Thierry Plus : La réponse est dans la question… Il y a aussi que mon traitement graphique, fait de la matière de la peinture, me permet d’explorer les gros plans tout en créant du détail…Quand je vais dans un musée, j’aime me rapprocher au plus près de la toile. J’aime voir les coups de pinceaux, ce qui inquiète toujours les types chargés de la surveillance des salles… L’émotion en peinture, elle est autant là que dans les personnages…
Sceneario.com : Au regard des festivals auxquels tu as participé, comment le public a-t-il réagi par rapport à ton album ?
Thierry Plus : Bien, je crois… Maintenant, j’ai une très courte expérience des festivals, des dédicaces… J’ai donc une fâcheuse tendance à me concentrer sur mes dessins qui sont une source d’angoisse. Du coup, je n’ai pas trop le temps de discuter. Enfin, ça va peut-être changer avec un peu d’expérience…
Sceneario.com : Quels enseignements éventuels as-tu pu tirer de ce premier ouvrage pour les reproduire ou les éviter dans ton prochain album ?

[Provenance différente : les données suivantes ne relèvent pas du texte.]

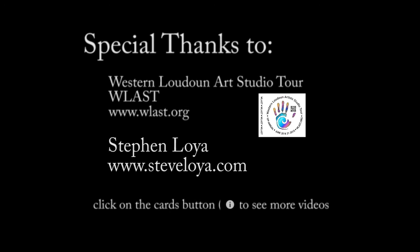If you would like to see part one of the interview with Steven Loya, check it out. If you would like to see other artists on the Western Loudoun Artist Studio Tour, check out the WLS playlist on the Broadcast Sunny channel. Bye-bye.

Thierry Plus : En faire la liste serait un peu long… N’ayant jamais fait de BD auparavant, je me suis un peu tout cogné de front… La technique BD est très complexe. Au cinéma, un plan chasse l’autre, en BD, tous les plans d’une double page doivent cohabiter. L’objectif étant de fluidifier au maximum le regard du lecteur, lui faire oublier la mécanique de cette construction. Et je ne vous parle pas du casse-tête des bulles, qui vous obligent à positionner votre personnage qui prend le premier la parole sur la gauche de la case… Imaginez aussi que les plans fixes vous sont interdits. Pour faire dire trois trucs insignifiants à vos personnages, vous devez multiplier les points de vue… Et on en revient à votre question de tout à l’heure, un récit avec des paysages et des décors facilite les choses. L’enfer en BD, c’est sans doute le huit clos…
Sceneario.com : "Dog et moi" a été conçu en solo. Souhaites-tu poursuivre dans cette voie ou aimerais-tu t’associer à d’autres ?

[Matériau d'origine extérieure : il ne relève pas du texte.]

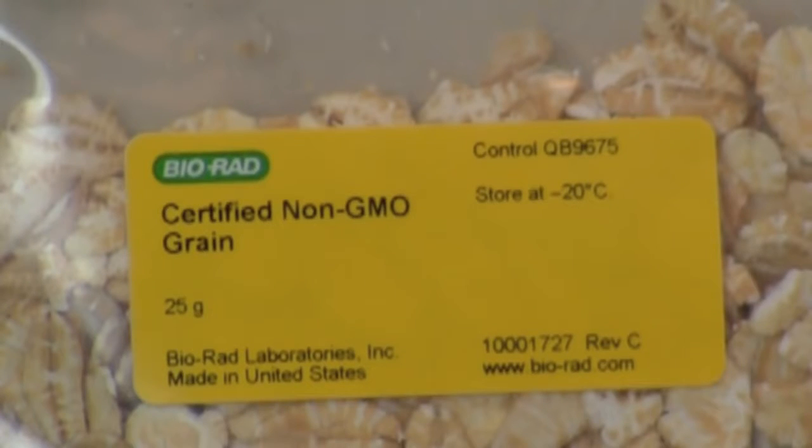Repeat this extraction process using the certified non-GM food. Prior to extracting another sample it is important to wash the mortar and pestle with soap, wipe it with 10% bleach, rinse it well with tap water, and do a final rinse with distilled water. The mortar and pestle are a potential source of PCR contamination and must be thoroughly cleaned before each use.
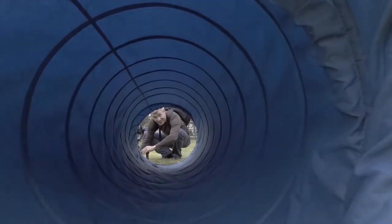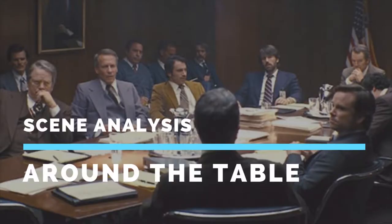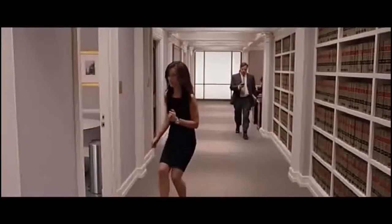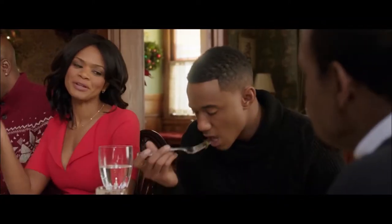Hello, this is Eric Brown with Scene Analysis. In this video we're going to be looking at how to deal with large numbers of people around a table. One of your jobs as a filmmaker, and more specifically as a director, is to make sure the audience is oriented at all times to where the characters are in both their environment and relative to one another. That's why we have rules like the 180-degree rule, for example, to avoid disorienting the viewer.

Thierry Plus : Je n’ai pas vraiment fait de plan sur la comète. Je saisirai les opportunités qui se présenteront à moi… Cela dit, écrire cette première histoire a soulevé pas mal de questions chez moi. Ça m’a sans doute aussi un peu décomplexé par rapport à l’écriture et j’ai vraiment envie de progresser dans cette voie. Il y a quand même quelque chose de jubilatoire dans l’acte de faire parler des personnages. Le plus étonnant, c’est sans doute que vous faites connaissance avec eux au fil du récit. Ils s’inventent, se trouvent et puis se mettent à parler naturellement… C’est un peu magique… Alors oui, travailler en collaboration, certainement, mais je suis pas prêt à laisser tomber ça… En fait, dans l’idéal, j’attends la rencontre qui va me faire progresser. Et puis, j’ai aussi quelques envies d’adaptation, mais on verra. Faire une BD est tellement long, qu’il ne sert à rien d’envisager les choses pour dans plusieurs années…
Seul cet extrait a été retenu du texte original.